Samsung jest na dzień dzisiejszy chyba najmniej pożądaną i najbardziej wyśmiewaną firmą w sieci. Chociaż nie wiem, czy jest się z czego śmiać. Ich płonące smartfony są naprawdę ogromnym zagrożeniem dla życia i zdrowia klientów. Miało byc już tak dobrze. Producent wymienił wadliwe modele. Okazało się jednak, że z nikłym skutkiem i takowe także wybuchają. Czy to oznacza koniec Samsunga?
Jeszcze niedawno była szansa na to, że Samsung jakoś podniesie się z porażki swojego smartfona Galaxy Note 7. Wyglądało na to, że afera nie specjalnie wpłynęła na nastroje klientów. Niedawne wydarzenia związane z wybuchaniem modeli, które wróciły z wymiany może być jednak gwoździem do trumny koreańczyków.
Tak, jakby ktoś zapomniał, to Samsung Galaxy Note 7 ma problem z baterią, która w pełni naładowana powodowała w niektórych egzemplarzach wybuch czy też zapalenie urządzenia.
Producent był na tyle uprzejmy, że wycofał całą produkcję z rynku i zaproponował swoim klientom wymianę na nowe urządzenia. Zapewniał także, że te są pozbawione wady. Wszystko wyglądało ładnie PIARowo i marketingowo. Okazało się, że płonące Noty dalej mają problemy i koszmar się nie skończył. Sprawiło to, że Samsung musiał w końcu podjąć jakąś decyzję i to niekoniecznie dla siebie zadowalającą.
"Samsung Electronics Co. said Tuesday that it would permanently discontinue production and sales of its embattled Galaxy Note 7 smartphone, pulling the plug on a much-hyped premium smartphone whose botched product recall has deeply damaged the brand."
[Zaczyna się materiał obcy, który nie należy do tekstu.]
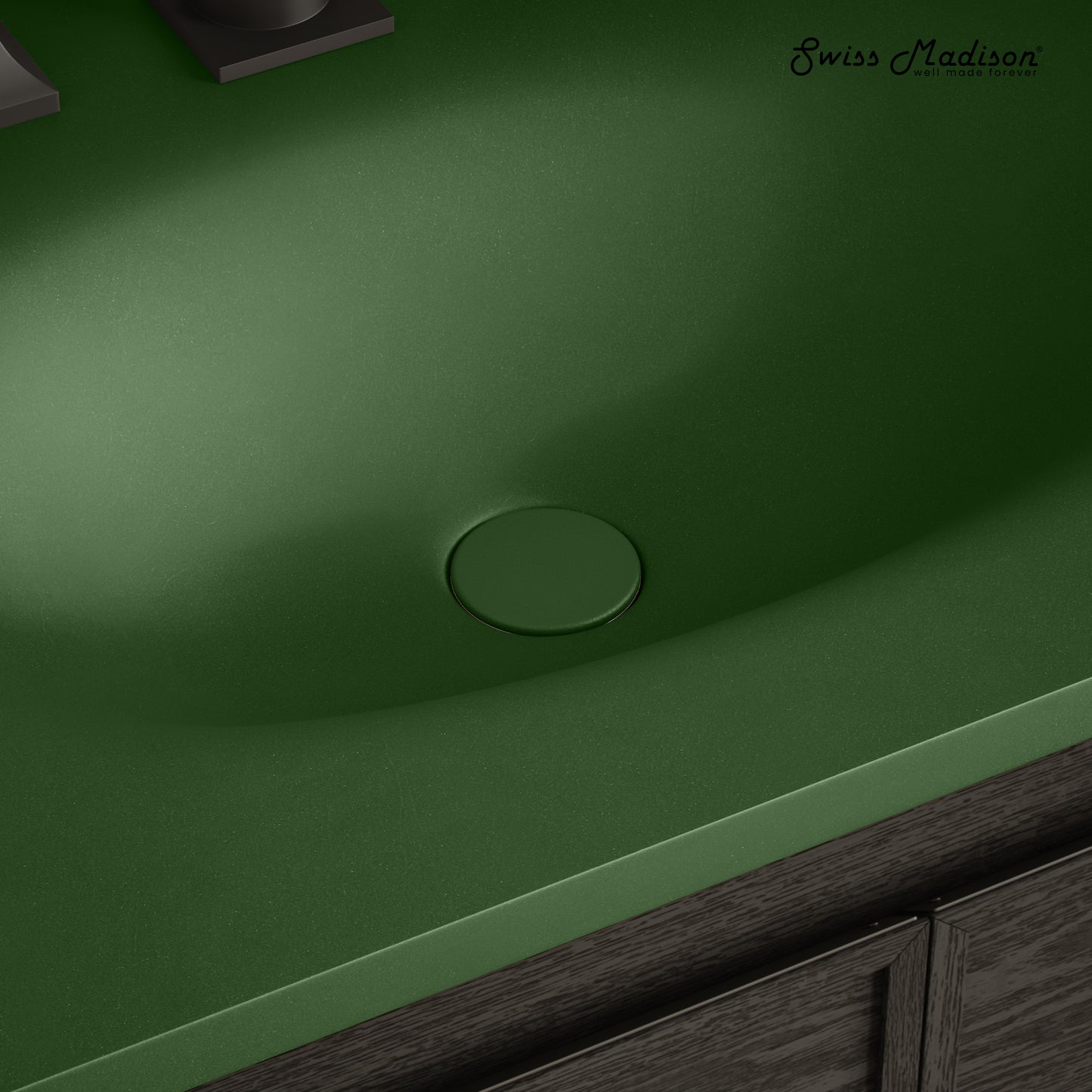 Swiss Madison, Lisse Concrete Bathroom Sink Non-Overflow Pop Up Drain in Matte Royal Green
Jestem przekonany, że po tak ogromnej porażce linia Galaxy Note już nigdy się nie podniesie, a i całej korporacji to na dobre nie wyjdzie. Zaufanie do marki zostało mocno zadszarpnięte, a w momencie, kiedy na rynku roi się od konkurencji to naprawdę nieprzyjemna sytuacja dla samego Samsunga. Osobiście, nie kupiłbym po tej akcji kolejnego telefonu od Koreańczyków, chyba że chciałbym mieć “wybuchową” niespodziankę.